BSG's 8 essential tips for creating a financial plan
1. Set clear goals
Your financial plan should be built around your personal goals. Write down all the big things you’d like to achieve with your money and try to make them as specific as you can. For example, instead of simply aiming to save for a deposit on a house, aim for a target amount in a specific number of years.
Dividing these aspirations into short, medium and long-term goals can help you prioritise them and give structure to your financial plan.
2. Create (and stick to) a budget
Budgeting is the foundation of financial security. Consider using a budgeting tool, or even a simple spreadsheet, to track your income and outgoings and understand where your money is going on a monthly basis.
Allocate some of your income for saving to ensure you’re consistently putting money away for the future. A useful guideline is the 50/30/20 rule, where 50% of your income goes towards essential expenses, 30% goes towards personal spending and 20% is put into savings.
3. Build a fund for emergencies
Having a readily accessible financial safety net can prevent minor setbacks from turning into major headaches.

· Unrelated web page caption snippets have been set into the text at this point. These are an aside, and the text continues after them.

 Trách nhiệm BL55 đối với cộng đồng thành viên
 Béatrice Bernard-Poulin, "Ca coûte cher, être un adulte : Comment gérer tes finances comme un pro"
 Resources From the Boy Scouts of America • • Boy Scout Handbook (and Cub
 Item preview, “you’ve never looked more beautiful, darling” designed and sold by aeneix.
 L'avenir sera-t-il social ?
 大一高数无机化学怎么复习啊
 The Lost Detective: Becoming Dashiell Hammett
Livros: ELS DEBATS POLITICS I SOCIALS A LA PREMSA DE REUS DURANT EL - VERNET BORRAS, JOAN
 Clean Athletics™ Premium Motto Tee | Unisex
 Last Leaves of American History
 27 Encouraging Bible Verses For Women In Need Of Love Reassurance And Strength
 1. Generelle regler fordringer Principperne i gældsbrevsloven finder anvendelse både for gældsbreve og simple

A good rule of thumb is to keep three to six months of essential spending tucked away in an easy access savings account to cover any unexpected events (like a boiler repair or loss of income).
4. Manage debt wisely
Not all debt is bad, but unpaid high-interest debt (like credit cards) can really hinder your financial progress. Prioritise paying off high-interest debts first and try not to take on new debt if you can avoid it. You might want to consider consolidating any existing debts, but it’s important that you seek financial advice to establish if this is a good approach for your circumstances.
5. Start saving and investing early
Consistently putting money away is essential for long-term financial stability and the earlier you can start, the better. Even small, regular contributions can accumulate over time.

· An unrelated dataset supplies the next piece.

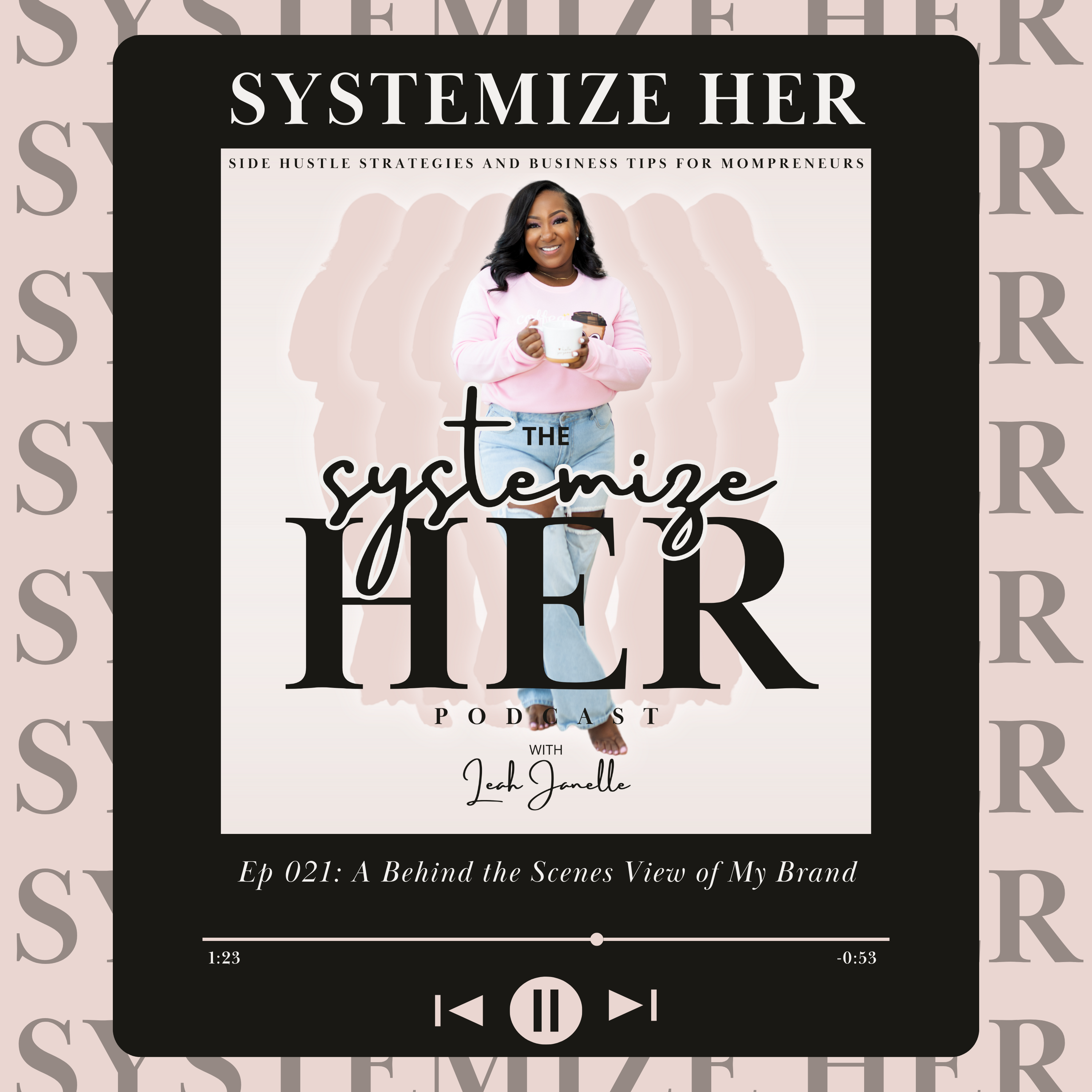 Systemize Her: Side Hustle Strategies and Business Tips for Mompreneurs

Consider options such as ISAs for tax-efficient savings, workplace pensions to take advantage of employer contributions and stocks and shares ISAs for long-term investments. If you’re new to investing, then seeking advice can help you understand the options available to you and help you make informed decisions.
6. Plan for your retirement
It’s never too early to start thinking about retirement. The sooner you start planning for later life, the more time you have to grow your retirement pot. The UK State Pension provides a fair foundation, but most people will probably need additional savings to maintain their lifestyle in retirement.

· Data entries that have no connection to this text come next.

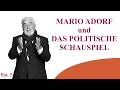 Mario Adorf und das politische Schauspiel
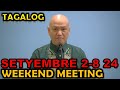 Tagalog Weekend Meeting SETYEMBRE 2-8 2024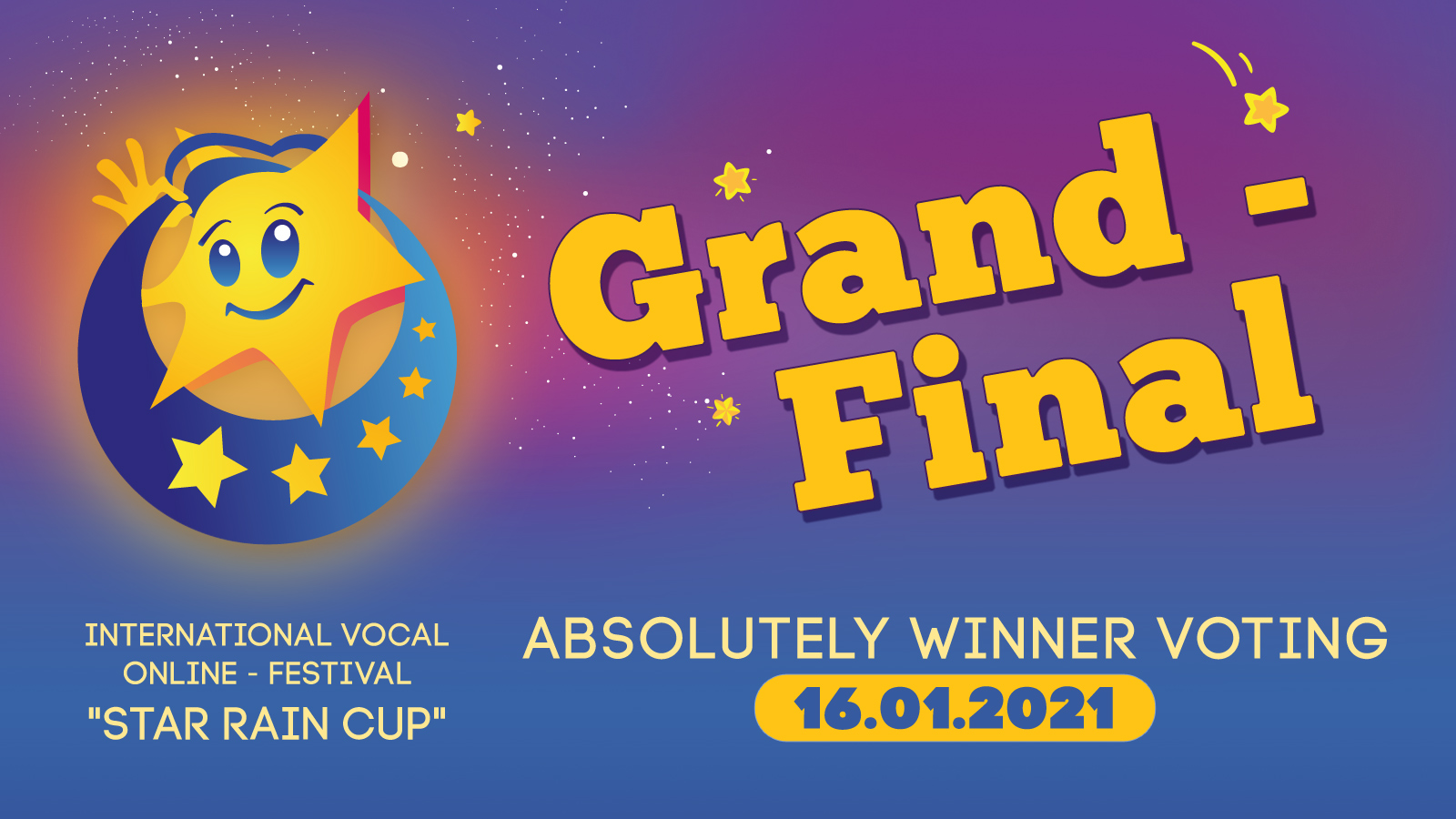 2021: Grand - Final um den Titel des absoluten Gewinners des "Star Rain Cup"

Paying into a workplace or private pension scheme can be an effective way to build your retirement pot, but pensions can be complex so consider talking to a financial adviser if you want help understanding your options.
7. Protect yourself with insurance
Financial planning isn’t just about saving money, it’s also about protecting what you already have. Different types of insurance provide different types of protection so it’s worth thinking about what sort of cover you need.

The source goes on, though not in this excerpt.